The inability of
sodium antimony gluconate (SAG)-unresponsive
kala-azar patients to clear Leishmania donovani (LD)
infection despite SAG
therapy is partly due to an ill-defined immune-dysfunction. Since dendritic cells (DCs) typically initiate anti-leishmanial immunity, a role for DCs in aberrant LD clearance was investigated. Accordingly, regulation of SAG-induced activation of murine DCs following
infection with LD isolates exhibiting two distinct phenotypes such as
antimony-resistant (Sb(R)LD) and
antimony-sensitive (Sb(S)LD) was compared in vitro. Unlike Sb(S)LD,
infection of DCs with Sb(R)LD induced more
IL-10 production and inhibited SAG-induced secretion of proinflammatory
cytokines, up-regulation of co-stimulatory molecules and leishmanicidal effects. Sb(R)LD inhibited these effects of SAG by blocking activation of PI3K/AKT and
NF-kappaB pathways. In contrast, Sb(S)LD failed to block activation of SAG (20 microg/ml)-induced PI3K/AKT pathway; which continued to stimulate
NF-kappaB signaling, induce leishmanicidal effects and promote DC activation. Notably, prolonged incubation of DCs with Sb(S)LD also inhibited SAG (20 microg/ml)-induced activation of PI3K/AKT and
NF-kappaB pathways and leishmanicidal effects, which was restored by increasing the dose of SAG to 40 microg/ml.

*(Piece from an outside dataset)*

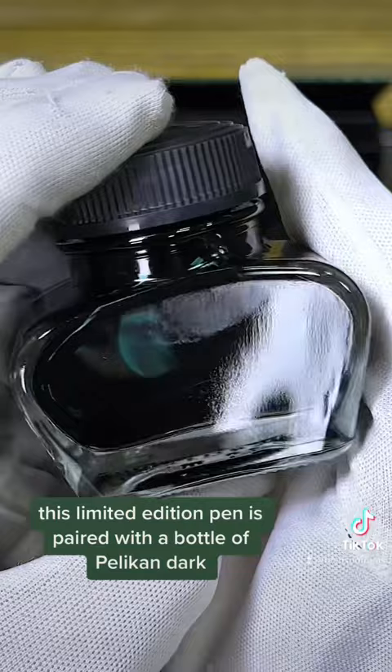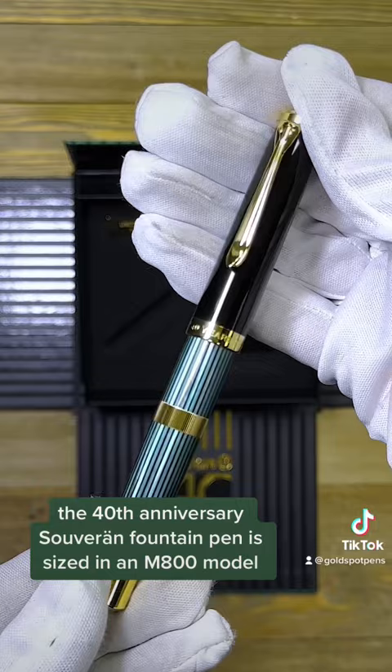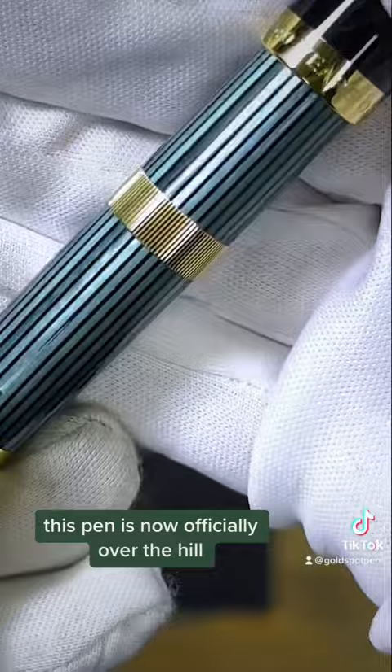This limited edition pen is paired with a bottle of Pelican dark green fountain pen ink. The 40th anniversary Souverän fountain pen is sized in an M800 model. The gold cap ring won't let you forget that this pen is now officially over the hill.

In contrast, Sb(R)LD inhibited these SAG-induced events regardless of duration of DC exposure to Sb(R)LD or dose of SAG. Interestingly, the inhibitory effects of isogenic Sb(S)LD expressing
ATP-binding cassette (
ABC) transporter MRPA on SAG-induced leishmanicidal effects mimicked that of Sb(R)LD to some extent, although
antimony resistance in clinical LD isolates is known to be multifactorial. Furthermore,
NF-kappaB was found to transcriptionally regulate expression of murine gammaglutamylcysteine
synthetase heavy-chain (mgammaGCS(hc)) gene, presumably an important regulator of
antimony resistance. Importantly, Sb(R)LD but not Sb(S)LD blocked SAG-induced mgammaGCS expression in DCs by preventing
NF-kappaB binding to the mgammaGCS(hc) promoter. Our findings demonstrate that Sb(R)LD but not Sb(S)LD prevents SAG-induced DC activation by suppressing a PI3K-dependent
NF-kappaB pathway and provide the evidence for differential host-pathogen interaction mediated by Sb(R)LD and Sb(S)LD.